G.P.: In realtà mi capita molto spesso di registrare delle cose, poi man mano che registro e più sono in studio a lavorarci su mi viene l'idea di concettualizzare il discorso musicale che ho fatto. Sono associazioni tra concetti e musica che mi vengono con il tempo. In questo caso è venuta fuori l'idea dello schiavismo in generale, qualsiasi forma di schiavismo, che è partita da un concetto di blues, e quindi pensando a tutte le varie deportazioni. In seguito ho voluto ampliare il discorso ad altre varie forme di schiavismo. Qualsiasi forma. Per esempio in questo momento sono davanti a un computer, ci lavoro molto e quindi subentra una forma di schiavismo tecnologico: la dipendenza dal computer per portare avanti la mia vita. Ci sono poi altre forme che vanno un po' più sul sociale, come i bambini che vengono sfruttati, le donne che vengono sfruttate e illuse da personaggi malvagi, ma anche di uomini schiavi delle donne, basta dare un'occhiata alle news per accorgersi di queste storie che accadono nel quotidiano.
AAJ: Quando hai deciso la forma concettuale che avrebbe avuto il disco?
G.P.: Le idee musicali erano ben chiare prima di entrare in studio: la scelta dei brani, la forma che bisognava dare ad alcune improvvisazioni che si trovano all'interno del disco. Poi, giacché ho fatto un discorso ampio sul blues ho voluto associare il tutto e dare una linea comune a Slaves.
AAJ: È per questo che hai scelto di lavorare su due brani di bluesman come Skip James e Joe Williams?
G.P.: Sì, quelli li avevo già in cantiere per la registrazione, in più ho scritto altri brani e poi ci sono delle improvvisazioni.
AAJ: Questa è per Tubolibre la prima incisione, ma il gruppo esiste da diversi anni.
“Chi è schiavo della musica è una persona piena di sensazioni, una persona contenta di esserlo.”
G.P.: È un'idea di tre o quattro anni fa; siamo partiti senza pensarci più di tanto. Ricordo che iniziammo con un tour di dieci giorni, giusto per stare insieme e suonare, una cosa presa in maniera neanche troppo seria. Poi si è evoluta naturalmente e siamo riusciti a trovare una linea che potesse andar bene per noi quattro. Siamo musicisti con dei background differenti, ma riusciamo a coinvogliare in un unico punto tutti insieme. Quindi la storia del gruppo si è basata su un discorso molto vicino al blues, alla psichedelia con influenze elettroniche. La presenza di un susafono, che è molto vicino come idea e alle caratteristiche peculiari delle street band di New Orleans, può far pensare che questa band sia vicina a quelle sonorità, mentre invece gira intorno a quel sound, percorre una specie di tangenziale del blues per poi arrivare a tutto ciò che mettiamo sul piatto quando suoniamo, come strumenti elettronici, vari gingilli, chitarra elettrica e altro. In un primo momento chi si avvicina alla band può pensare che si tratti di una cosa un po' allegrotta, giocosa, mentre è un discorso musicale molto profondo.
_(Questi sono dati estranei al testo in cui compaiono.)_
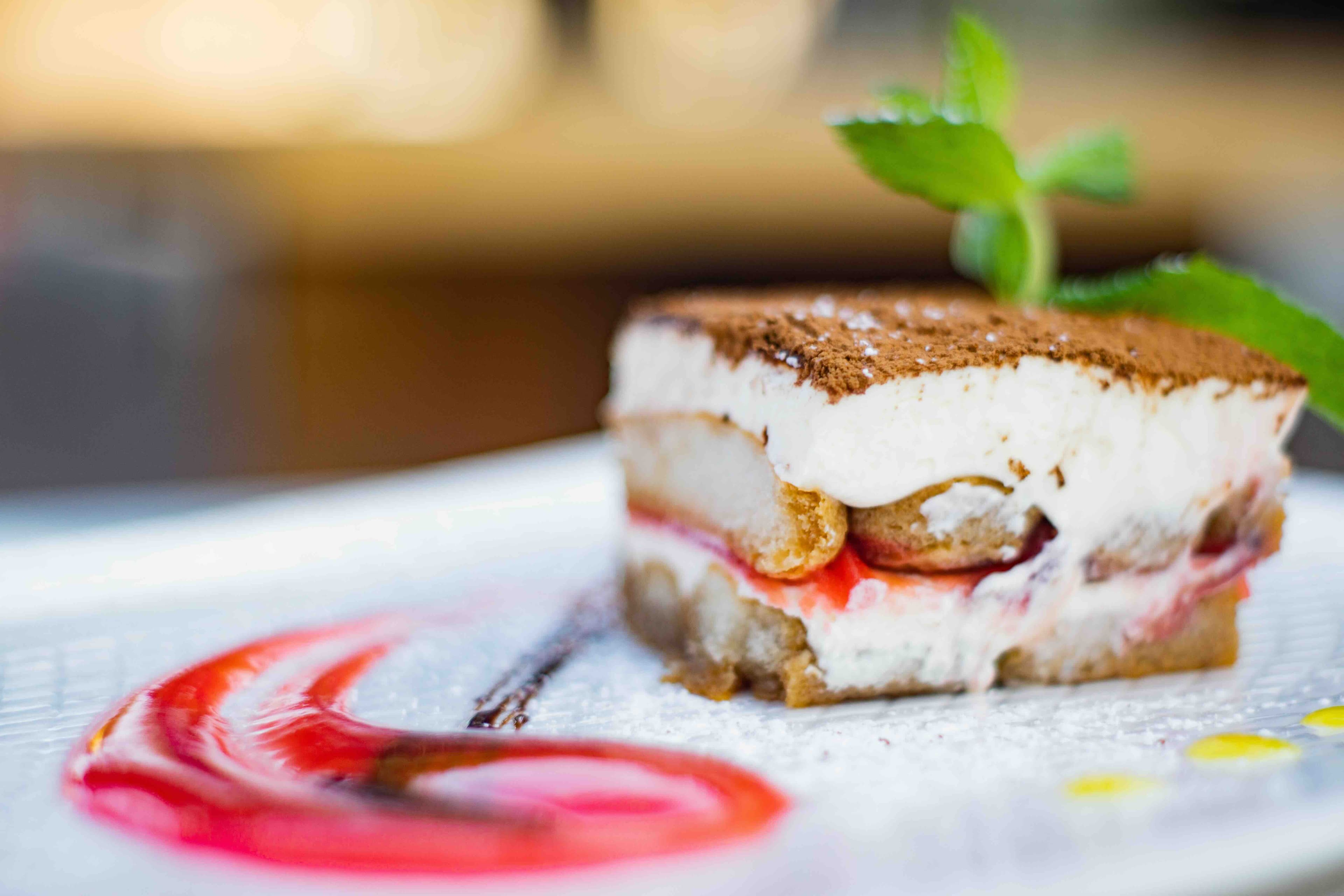 Tiramisu and sweets under the string lights.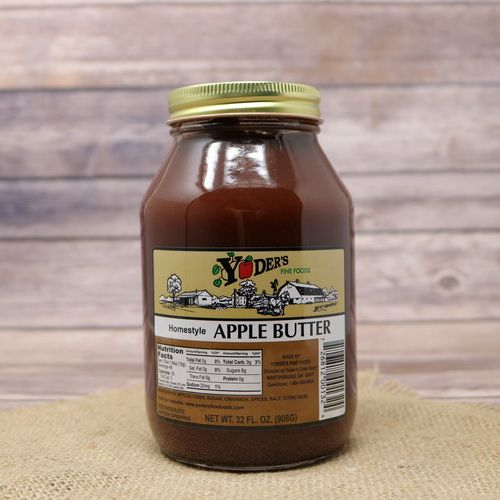 A 32oz glass jar of Yoder's Fine Foods Apple Butter, on rustic burlap with a wooden background.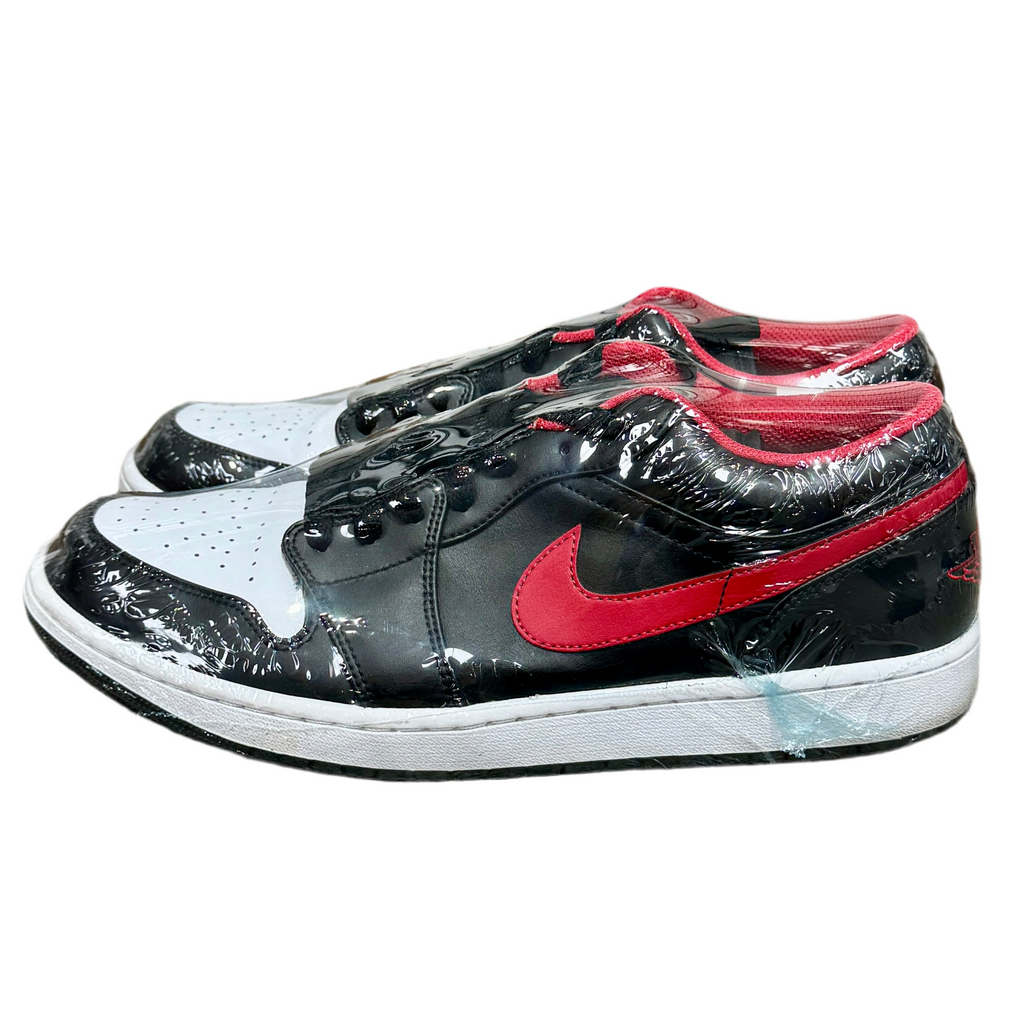Jordan 1 Low - White Toe (Size 12) Black and red sneakers with a clear protective cover on a white background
AAJ: Qual è l'aspetto musicale maggiormente messo a fuoco in Slaves?
G.P.: Abbiamo lavorato molto sui suoni, ho chiesto ai miei musicisti di concentrarsi sulle dinamiche, sul dover creare qualche suono diverso e di non convenzionale, di pensare meno alla tecnica, al mostrare quanto uno è capace a suonare il proprio strumento. Ci siamo tolti dalla testa tutto questo ambito virtuosistico per ragionare più sul timbro e sulla profondità della musica.
AAJ: Come si è sviluppata la suite che dà il titolo all'album?
G.P.: Sono ventuno minuti di improvvisazione pura e semplice e messa lì così come è, la versione che ascolti è quella fatta in studio. Penso che sia una delle tracce improvvisate più belle che abbia mai fatto. È per questo che l'ho voluta mettere così sul disco, non andava toccato e tagliato nulla. Descrive la concentrazione che era nello studio. Eravamo concentrati e questa traccia traduce esattamente il livello di concentrazione che c'era in studio in quei giorni.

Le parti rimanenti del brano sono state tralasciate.